Their test robot successfully traversed sand, mud, hiking trails, tall grass and dirt piles without falling. It also outperformed alternative systems in adapting to a weighted backpack thrown onto its top or to slippery, oily slopes. When walking down steps and scrambling over piles of cement and pebbles, it achieved 70% and 80% success rates, respectively. Not only could the robot adjust to novel circumstances, but it could also do so in fractions of a second rather than in minutes or more.

Video: AI now enables robots to adapt rapidly to changing real world conditions
Video: AI now enables robots to adapt rapidly to changing real world conditions

The new AI system, called Rapid Motor Adaptation (RMA), combines a base policy — the algorithm by which the robot determines how to move — with an adaptation module. The base policy uses reinforcement learning to develop controls for sets of extrinsic variables in the environment.
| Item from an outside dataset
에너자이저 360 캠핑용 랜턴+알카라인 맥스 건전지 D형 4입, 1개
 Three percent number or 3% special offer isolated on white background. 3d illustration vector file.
Because the robot’s onboard sensors cannot directly measure all possible variables in the environment, the adaptation module directs the robot to teach itself about its surroundings using information based on its own body movements. For example, if a robot senses that its feet are extending farther, it may surmise that the surface is soft and will adapt its next movements accordingly.“Our insight is that change is ubiquitous, so from day one, the RMA policy assumes that the environment will be new,” said Jitendra Malik, professor of electrical engineering and computer sciences. “It’s not an afterthought, but a forethought. That’s our secret sauce.”